I'm using beautifulsoup to try and locate a P tag in an xml parse tree based on its contents:
# Import required modules.
from datetime import date
import requests
from bs4 import BeautifulSoup
# Determine today's date.
today = date.today()
# Define the URL to be scraped.
url = f"https://www.ecfr.gov/api/versioner/v1/full/{today}/title-22.xml?chapter=I&subchapter=M&part=121§ion=121.1"
# Initialize a requests Response object.
page = requests.get(url)
# Parse the XML data with BeautifulSoup.
soup = BeautifulSoup(page.content, features="xml")
# Remove tags with irregular text.
for i in soup.find_all("P", text="(See § 125.4 of this subchapter for exemptions.) "):
print(i)
i.decompose()
When running this code, I receive a NoneType object (prints None to the console) even though I know the element exists by reviewing the XML file (including the trailing nbsp).

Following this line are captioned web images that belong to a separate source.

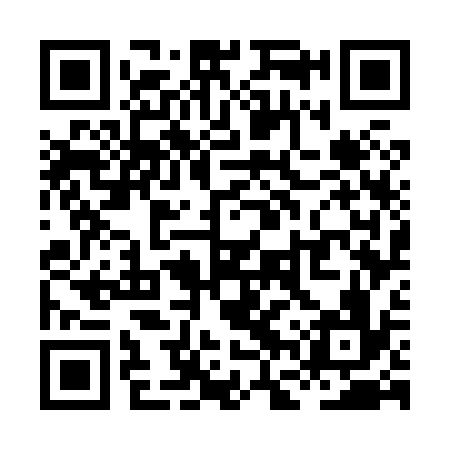 QR code for XFW836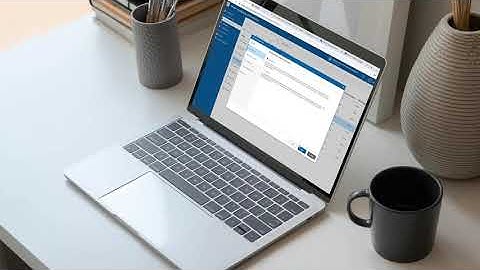 How to Run a Disaster Recovery Test with Veeam Availability Orchestrator   #DRTestTuesday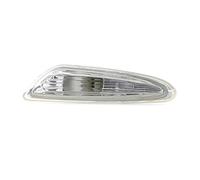 Goodpart TYC 18-0454-15-9 Indicatore | Compatibile con: BMW 3, 3 Touring, X3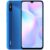 Xiaomi Redmi 9A 4G Smartphone 6.53 inch HD+ DotDrop Display 5000mAh Battery 13MP AI Rear Camera 2GB+32GB EU Version – Sky Blue 2GB+32GB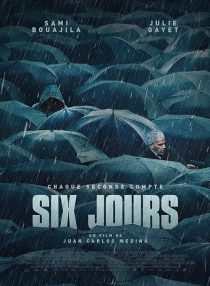 Six Days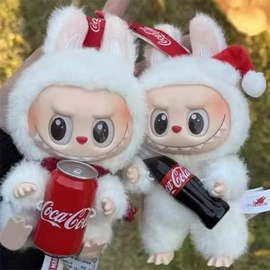 塑料工艺品;皮毛工艺品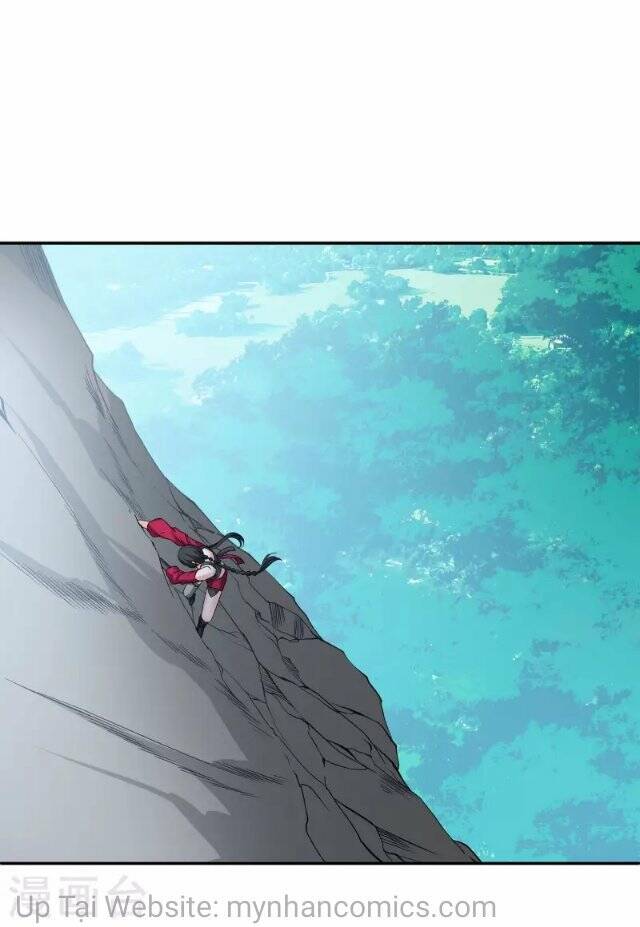 Cô Ấy Đến Rồi, Xin Nằm Xuống! Chapter 131 - Trang 2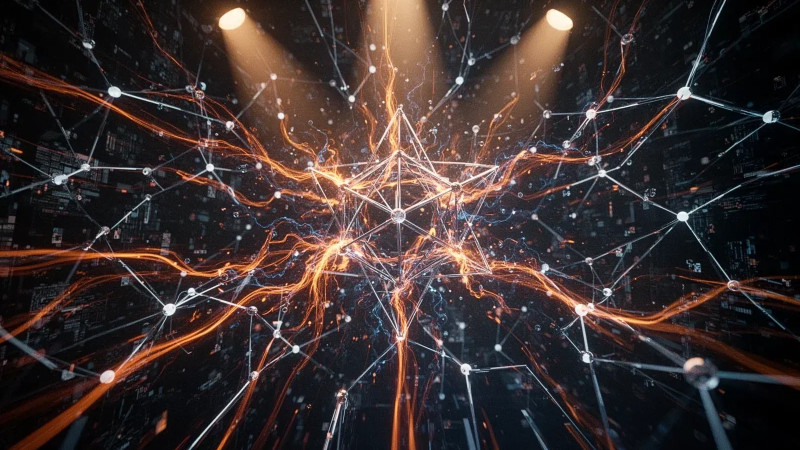 Beitragsbild zu XRP: Volatilität bleibt hoch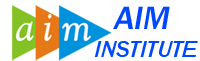 Computer on Office Automation Training in Chennai Computer on Office Automation Training in Chennai photo 1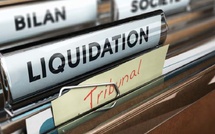 130.000 sociétés dormantes au cœur d’un système de fraude fiscale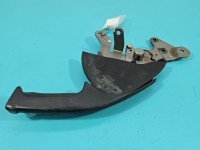 Dźwignia hamulca ręcznego Honda CR-V II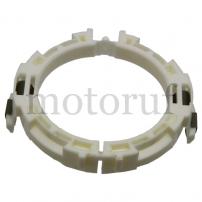 Landtechnik Gleitring
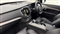 Volvo XC90 Image 6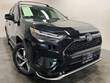  Toyota RAV4 Prime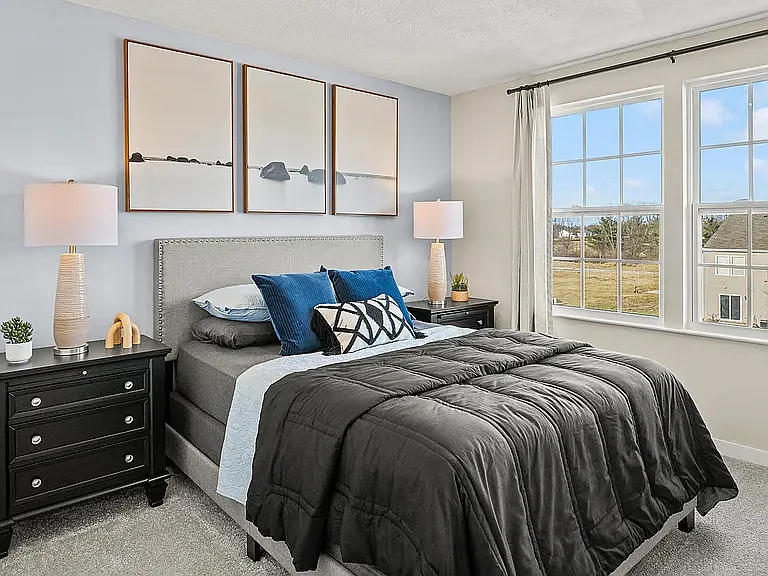 127 Goat Willow Dr — Photo 10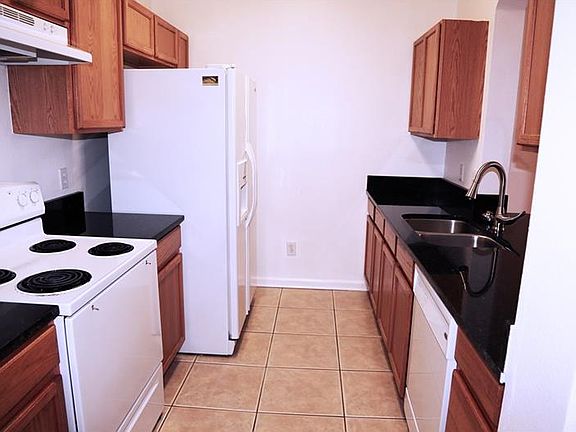 2nd image of 6100 Stevenson Dr Unit 203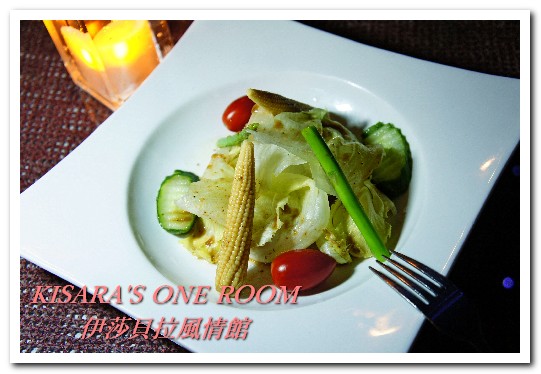 伊莎貝拉風情館(永安分店):我的學生時代.中和古典異國風情餐廳──伊莎貝拉風情館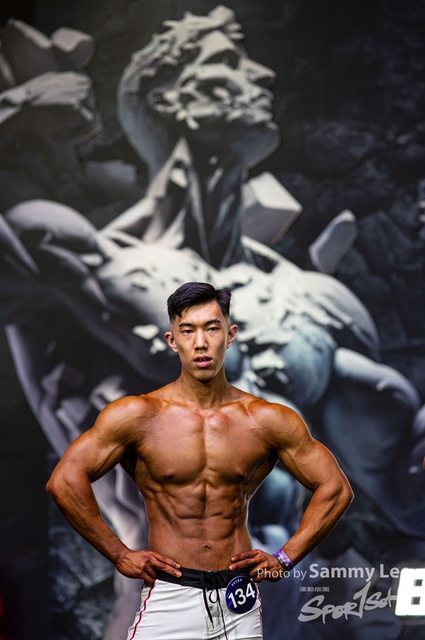 20230819 U bodybuild 0196 拷貝
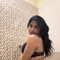 Maaya the Hot Shemale - Transsexual escort in Vijayawada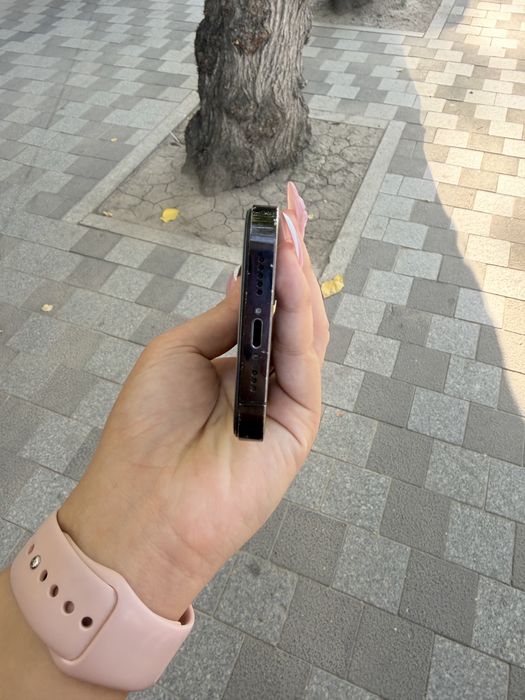 Айфон 14 про. Iphone 14 про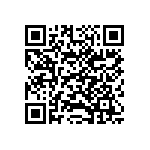 97-3108B24-22SX-940 QRCode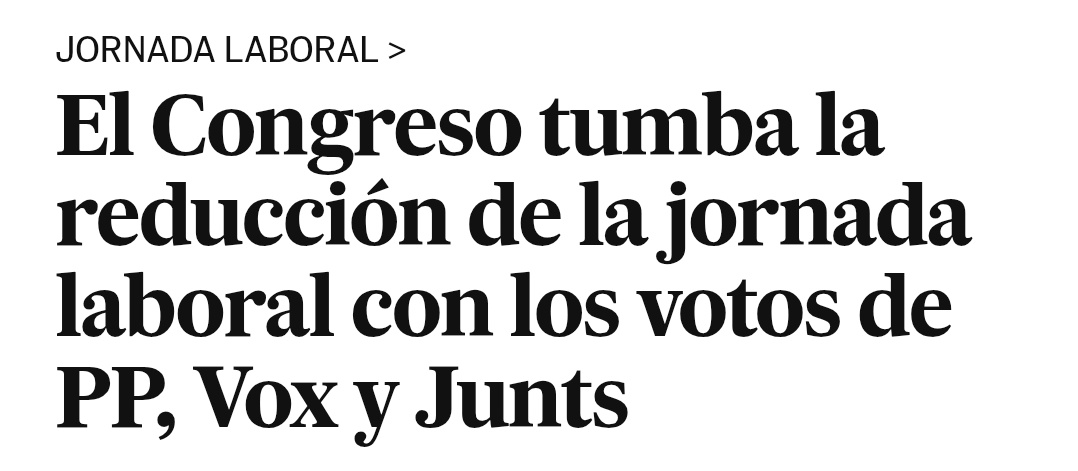 ibaimv's tweet image. El Trifachito lo tiene claro. Y tú?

Does beautiful soup have a problem with Unicode, or am I missing something else?
Thanks!
CodePudding user response:
Main issue is that text="(See § 125.4 of this subchapter for exemptions.) "
looks for an exact match, but wont find one, cause in your xml it looks like (<I>See</I> § 125.4 of this subchapter for exemptions.)
.
You could fix that behavior using css selectors
and :-soup-contains()
:
for i in soup.select('P:-soup-contains("See § 125.4 of this subchapter for exemptions.")'):
print(i)
i.decompose()
Example
from datetime import date
import requests
from bs4 import BeautifulSoup
# Determine today's date.
today = date.today()
# Define the URL to be scraped.
url = f"https://www.ecfr.gov/api/versioner/v1/full/{today}/title-22.xml?chapter=I&subchapter=M&part=121§ion=121.1"
# Initialize a requests Response object.
page = requests.get(url)
# Parse the XML data with BeautifulSoup.
soup = BeautifulSoup(page.content, features="xml")
# Remove tags with irregular text.
for i in soup.select('P:-soup-contains("See § 125.4 of this subchapter for exemptions.")'):
print(i)
i.decompose()